[WORK REQUEST] Output exactly the lines of the listing below that run from the line with "ヘッドライト 充電式 USB" through the line with "Adorable Kids' Furry". No pictures.

[DATA FOR REVIEW]
● ● ●

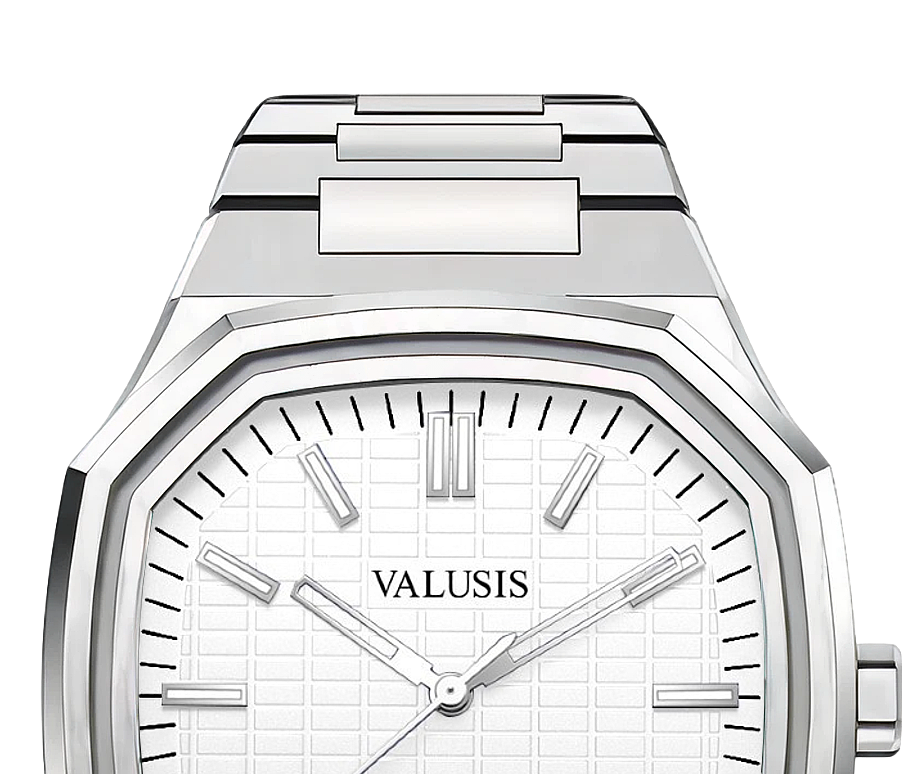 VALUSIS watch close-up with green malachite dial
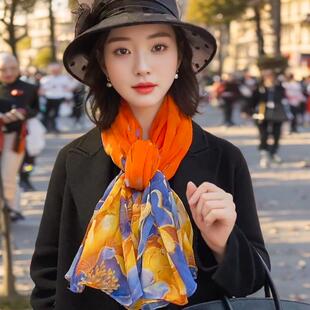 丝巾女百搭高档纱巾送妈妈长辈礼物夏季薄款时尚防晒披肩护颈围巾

● ● ●

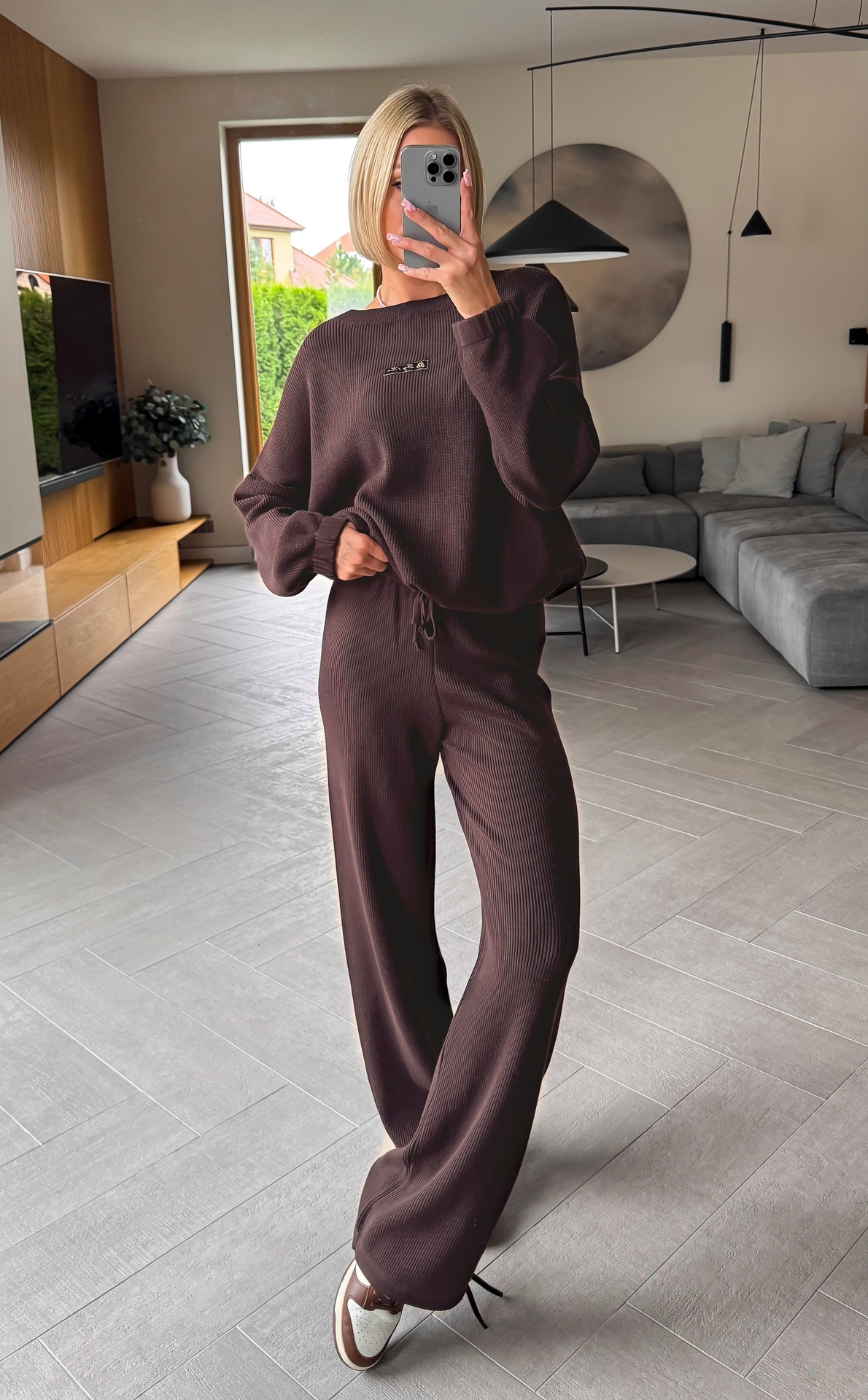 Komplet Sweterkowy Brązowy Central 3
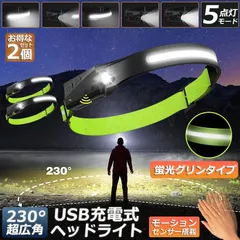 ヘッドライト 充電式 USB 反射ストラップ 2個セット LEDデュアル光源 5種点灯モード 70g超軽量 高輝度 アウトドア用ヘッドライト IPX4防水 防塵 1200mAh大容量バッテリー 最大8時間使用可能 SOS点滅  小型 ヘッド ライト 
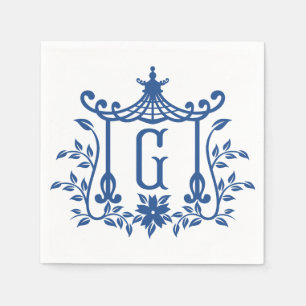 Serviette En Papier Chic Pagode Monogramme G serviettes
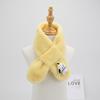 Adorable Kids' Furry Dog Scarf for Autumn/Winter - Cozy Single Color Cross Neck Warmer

● ● ●

[WORKED SOLUTION]
 ヘッドライト 充電式 USB 反射ストラップ 2個セット LEDデュアル光源 5種点灯モード 70g超軽量 高輝度 アウトドア用ヘッドライト IPX4防水 防塵 1200mAh大容量バッテリー 最大8時間使用可能 SOS点滅  小型 ヘッド ライト 
 Serviette En Papier Chic Pagode Monogramme G serviettes
 Adorable Kids' Furry Dog Scarf for Autumn/Winter - Cozy Single Color Cross Neck Warmer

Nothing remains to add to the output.